FYI: Kokoro TTS iOS port
Just wanted to share that I did a proof-of-concept of porting Kokoro to iOS devices. I took the MLX Python code and ported it to MLX Swift, and the model successfully runs on iOS devices (tested it on iPhone 15 and iPad Air 5th Gen).
The current version is very slow and there is a lot to improve feature-wise and performance-wise, but it is a start. Most importantly it generates the audio even though it is slow. Thanks for your amazing work to port the model from PyTorch to MLX!
Awesome, I will play with it. Been trying to optimize Kokoro for iOS as well.
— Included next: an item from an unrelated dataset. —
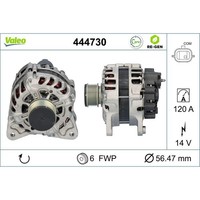 Lichtmaschine Generator 14 V 120 A Ø 56 Mm Valeo FüR U.A. Renault Fluence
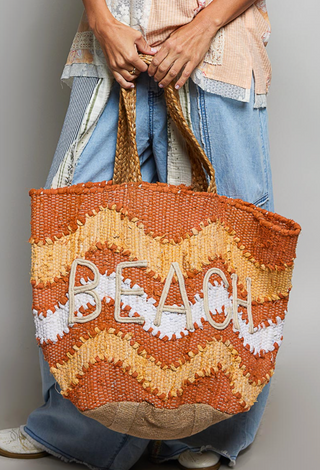 Handwoven Orange "Beach" Tote Bag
So far only played mostly with:
https://github.com/k2-fsa/sherpa-onnx
on my iphone 13 mini I'm getting there only 1.3x RTF speedup factor (if either using CPU or CoreML provider)
Also did try
huggingface.co/onnx-community/kokoro-82m-v1.0-onnx
using onnxruntime-c with simple bindings to swift and here getting around 2.7x RTF speedup.
I did try to export pytorch model to CoreML but failed - something tell me for iOS devices NPU provider might be in the end faster than MLX that executes only on GPU or CPU (since iPhones don't have many GPU cores)
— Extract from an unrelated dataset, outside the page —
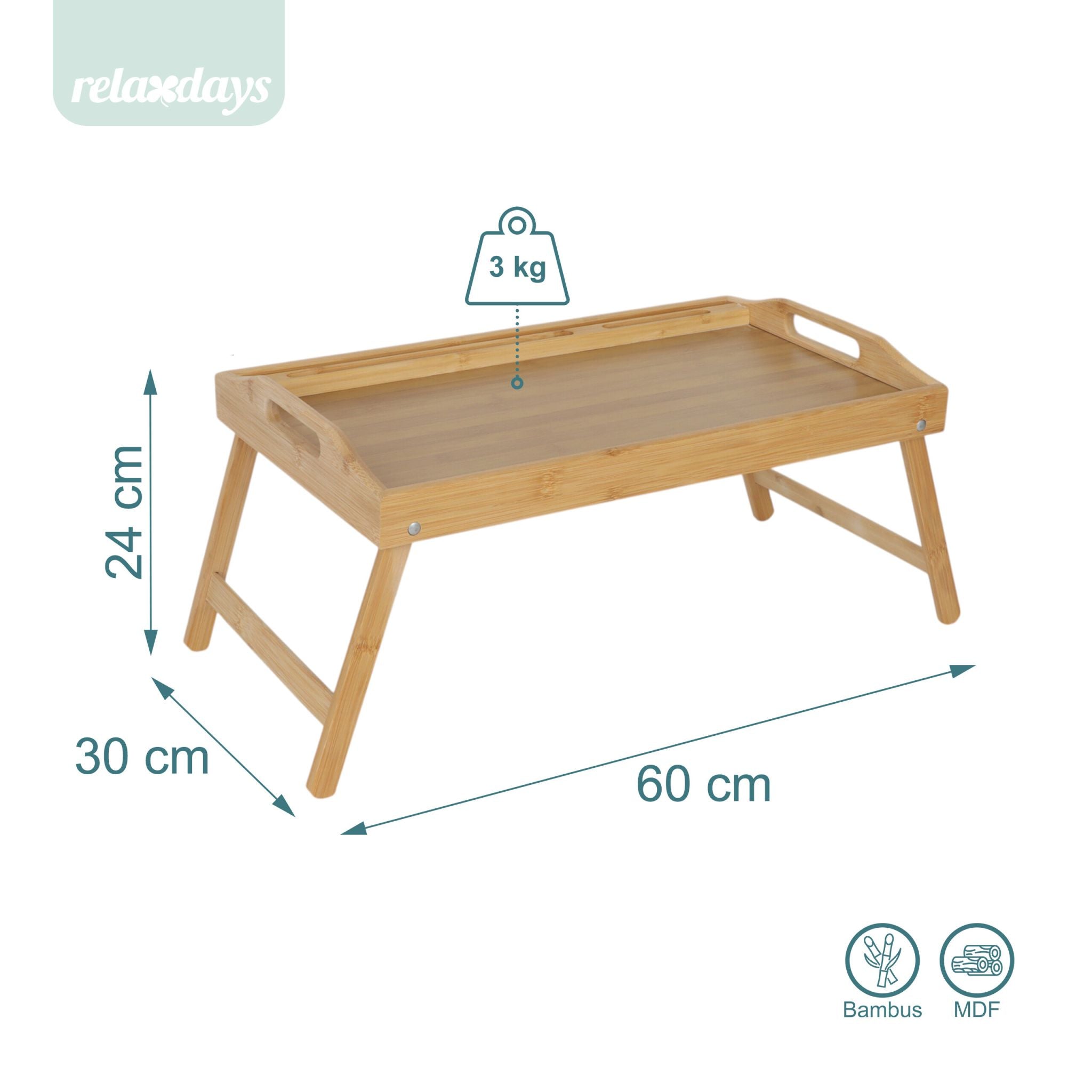 Klappbares Betttablett Bambus Hellbraun von Relaxdays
I'm wondering what kind of speedup do you get right now on your iPhone 15?
If you have a chance please take a look on the update I just pushed to the repo - I am getting on release build roughly 3.3x speed (audio_length / tts_inference_time) on iPhone 13 Pro after some heavy optimizations to decoder part. Still more to be made, but at least it is right now quite usable.
Just wanted to share that I did a proof-of-concept of porting Kokoro to iOS devices. I took the MLX Python code and ported it to MLX Swift, and the model successfully runs on iOS devices (tested it on iPhone 15 and iPad Air 5th Gen).
Hey guys
Thanks for the patience, I have been heads down bug hunting and portting new models!
I saw this issue, it's super exciting and aligned with the vision here.
Could you send a PR and add a folder for the swift port?
That way we have one source of truth and it's easier to collaborate.
I was working towards MLX-Swift, tho swift it's not my strong suit.
I believe there is a lot of potential.